I believe that I’ve managed to achieve just that, with my former landlord. The very first time, when he visited the house with his 7 children, we were in the kitchen, engaged in a lively conversation. Someone made a humorous remark and we all laughed heartily. Except for the father.
While I laughed, I turned around and stood face to face with him. The laugh froze on my face, for his piercing eyes in that serious face held Antarctic energy. I’ve never in my life experienced masculine energy so strong as in this man.
I often felt that his presence in the room caused icicles to grow on the outer layer of my aura. It was hard work, but a valuable experience in learning how to be me in that condition. I learned that past life experience was triggered in that experience, offering me a new choice. In essence, it was a healing encounter, although he had no clue, on a personal level. The humor in how we humans relate to each other, at times, is priceless.
My confidence, at a later age, was a great help, while watching the British culture in all its complexity and in its self-proclaimed showing up with the conundrum of drama and inhibition. “We’re a motley bunch” they’re used to say about themselves. “Quite mad”.
I hope that the day of reckoning, for Britain, won’t show up with more suffering for those who already suffer much. More weight should be placed on the other scale, I believe.
If it takes the breaking of hearts, it should happen in those who say “My home is my castle” living with a wide moat around it and the bridge up.
It sounds like you inherited much of the same characteristics of your last landlord in Britain.
it is a marvel to me,,,the US is trillions of Dollars in Debt yet the piglet have an increase
in wealth that already amount into the millions or billions ????,,,,and that within a month???
Hello elga konietzny, yes, isn’t it mind-boggling? There’s no authority stopping this, so far.
That “piglet” in your comment reminds me of the book “Animal Farm” by Aldous Huxley.
In that book, it’s explained in a sublime way, how the rich get wealthy and the poor get poor, while accepting their living conditions due to psychological manipulation by pigs.
That book would be great teaching material, for teeners in the classroom, and adults who’ve never read that book. In Britain, this book flies over the counter now, in bookshops.

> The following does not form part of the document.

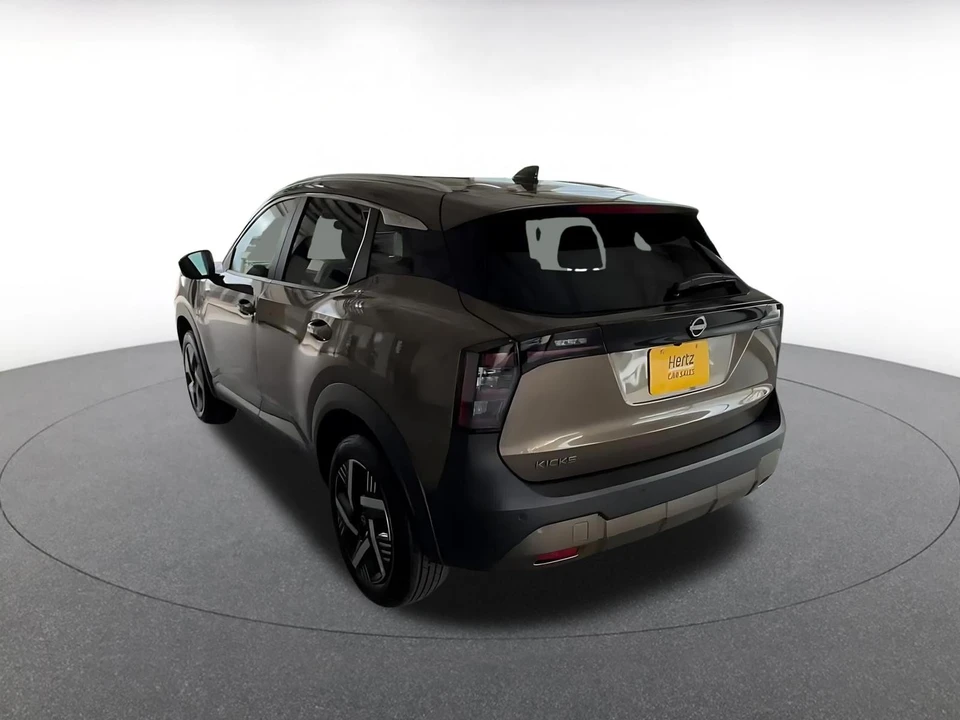 2026 Nissan Kicks - Image 12 of 31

What about the multimillionaires? How are they faring?
The empires were never eternalized! These empires of the current world will also fall. The empires of today will not leave anything to humanity, they are useless, empty, miserable, ignorant.
They left the human species with no possibility of evolving for a long time, but everything will change soon. The beings who control these empires and others will have two choices; change and collaborate with the evolution of humanity or they will have to be removed from this planet … otherwise it would not make sense, God would be a lie!